The sad part is that when you reach that age (31 here) is you start looking at the "new trend" (ex Angular, React and NodeJS) as unnecesary and the "new devs" that doesn't have any experience on making and maintaining long term projects (> 5 years) look at this as the holy grail technology and if you aren't using that technlogy it means you aren't as efficent as the "new guys" so you either migrate to management (which sucks), change industries or became a private just another entrepenur.
I'm considerably older than that, and would argue from experience that the mistake is in regarding everything new as just another fad.
Often it's good to wait a while and see how things play out with a new technology before deciding whether to invest in it. But you don't want to fall into the bad habit of making such evaluations on prejudice, rather than merit.
Exactly. Use your experience to judge a technology on merit. Does this solve a pain point in a new and interesting way, or is it the same approach in a different language?
That's a pretty big chunk of the internet for a "new trend". My boss is in his 50s and he was the one who started us using node. Every month without fail, he repeats the words of his manager in the 90s: "Java is a fad. We'll all be using c++ again in a year". Don't be that guy.
Not too sure of the numbers on that site. It says AngularJS runs 1.5% of the Internet - 435,718 of 363,398,504 sites, but I thought that we are now over 1 billion websites according to some stats. Another Stat said about 890 million active sites.
Although 435K is nothing to sniff at, wordpress runs over 15 million sites.
> I thought that we are now over 1 billion websites according to some stats.
Accounting for the last 3 quarters, 363m seems accurate[1]. Even if it's not 100% accurate, it's still a good gist.
> wordpress runs over 15 million sites.
Keep in mind that Wordpress is a CMS, and it's older than jQuery. You can also use Wordpress and Angular in parallel, so it's not as if people choose it INSTEAD of angular.
EDIT: I was also referring more towards the top-10k/100k, given that those are ACTUAL websites. I try to avoid stats that include "hello, world. This is my angular2 todo".
> looking at the "new trend" (ex Angular, React and NodeJS) as unnecessary
Well, I know that you were just throwing out a random example, but... I wouldn't be so quick to dismiss Angular and React. They're actually pretty good, pretty clever solutions to some of the problems the plague web application developers, and help us get a long way to a flexible web environment. Even Node.js may seem "wrong" to those of us whose first experience with a computer was a command-line terminal, but people were saying that Java on the server side was unrealistic 15 years ago. And really, there is a benefit to using the same language on the server as on the client, especially as those two drift closer and closer together.
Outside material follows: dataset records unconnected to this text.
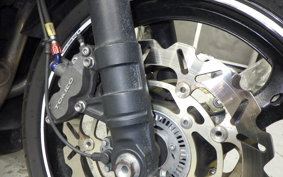 SUZUKI BANDIT 1250 F 2011 GW72A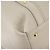 Borsa Tote MCM in pelle bianca Auth 104772 Bianco - vista 10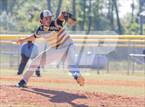 Photo from the gallery "Purnell Swett vs. Fairmont (Robeson County Slugfest)"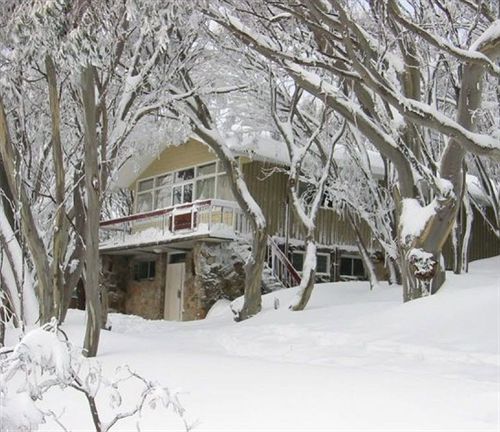 Amber Lodge Mt Buller Mount Buller Exterior photo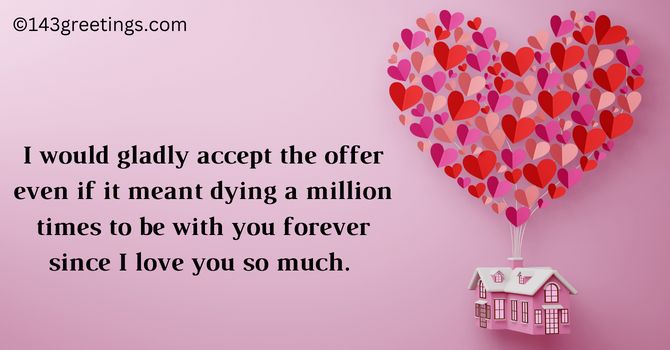 Heart Touching Love Messages for Boyfriend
The problem I see is that the "new devs" (and their 20-year-old "startup founder" bosses) assume that Angular, React and NodeJS, being the new, trendy, hip thing, is all there is and all you need to know. As long as you know those fairly well, the thinking goes, you don't need to know anything about TCP/IP, HTTP, SSL, bash, signals, processes, threads... all the things that us old fogeys have spent decades wrestling with. I recently watched a (much younger) colleague of mine reject a candidate because he was misusing the term "route". I asked "you mean like a TCP source route? That's not really that relevant to the UI position he was interviewing for." He seemed incredulous that I didn't "know" that "route" was an "industry-standard" term for a URL (apparently that's what Node.js's Express framework calls URLs - hint, the term "route" never appears in RFC 2616, which actually specifies HTTP). THAT mentality is the frustrating one, and it's all over the place.
I think it goes both ways. If you're new to development, you're soaking up any and all information to a fault. It's an exploratory phase. If you've been around a while, it's easy to become stale. How many trends do you let go by before you're ten iterations behind the trend that sticks?
It's a difficult balance and requires judgment and luck. If you're constantly on the "new language/framework" treadmill, you're wasting a lot of cycles learning fads that won't last, for the N% chance of learning something that ends up big. On the other hand if you stick with refining your knowledge of what you know, you risk getting left in the past. Need both kinds of learning.